Monday, June 29, 2009

RIP Wiz-kid of Pop

It's hard to say what the scene would have been like if Michael Jackson hadn't died on Thursday night. Would people still have been lining up an hour beforehand to secure their seats, or would they have succumbed to the siren call of Top Gun (showing in the Before They Were Scientologists screen downstairs) or the tripped out Smiley Face next door? As it was, Cinema 3 at BAM's all-night movie fest turned into the most raucous of celluloid wakes, fuelled by nostalgia and Brooklyn lager and a desire to remember Jacko before the Wacko; to see him again as the kid who eased on down the yellow brick road.

I'd never seen The Wiz before, unlike the majority of the mostly young, mostly black audience, who sang along with the cast and cheered on Diana Ross as she transformed from a shy Bronx kindergarten teacher ("24, and never been south of 125th street" to a kick-ass heroine who could sprint in vertiginous sparkly heels. There was something magical about being there in the heart of Brooklyn, and watching the action unfurl amidst a dystopian Coney Island playground (the Tin Man's comment that there's "nothing amusing about the closure of an amusement park" was met with howls of agreement) and to see the yellow brick road span across a neon-lit Brooklyn Bridge.

But it was Michael we were here to see. Almost unrecognisable until he let rip into song, his nineteen year old face is covered in make-up and his dancer's frame is padded out with straw and apt quotations. It's a more benign disguise than the one that the singer later carves out of his own skin, and it doesn't hinder the mad capering and knife-like physical precision that makes him so mesmerising to watch. There are whoops and screams and hollers throughout, but it's near the very end that the crowd explode. After discovering that the great Wiz is a fraud Michael, as the supposedly brainless scarecrow, finally comes up with his own aphorism: "Success, fame, and fortune, they're all illusions. All there is that is real is the friendship that two can share." It's a painfully, preternaturally apt realisation from a man who seemed so miserably alone in his own glittering Emerald City.

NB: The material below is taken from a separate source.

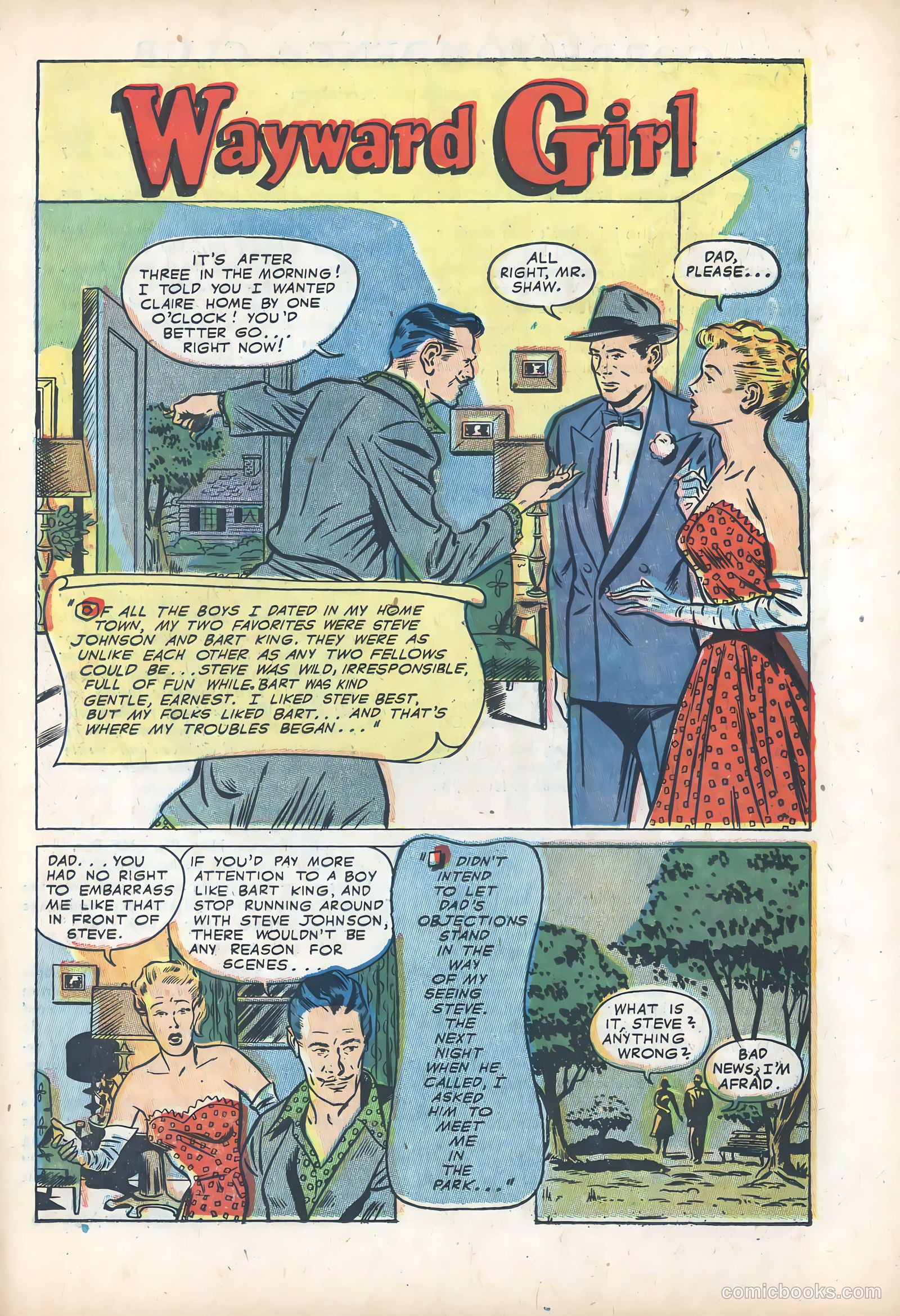 Wartime Romances #14 (1953) — page 11 of 36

After the credits role the crowds surge upstairs to the 'all-night dance party', many belting out showtunes on the way. It's only then that I realise that people have been stood up at the back throughout the two and a half hour movie. Upstairs it's back-to-back Michael Jackson hits. With all the media hype about collective emotion and false grief there's something genuinely touching about watching a room full of people - most of whom were too young to remember Jackson as the revolutionary black artist to break through MTV's racial apartheid - dancing to Billie Jean and singing their hearts out.

You could tell we weren't in London anymore, because there wasn't a single joke about blowing bubbles.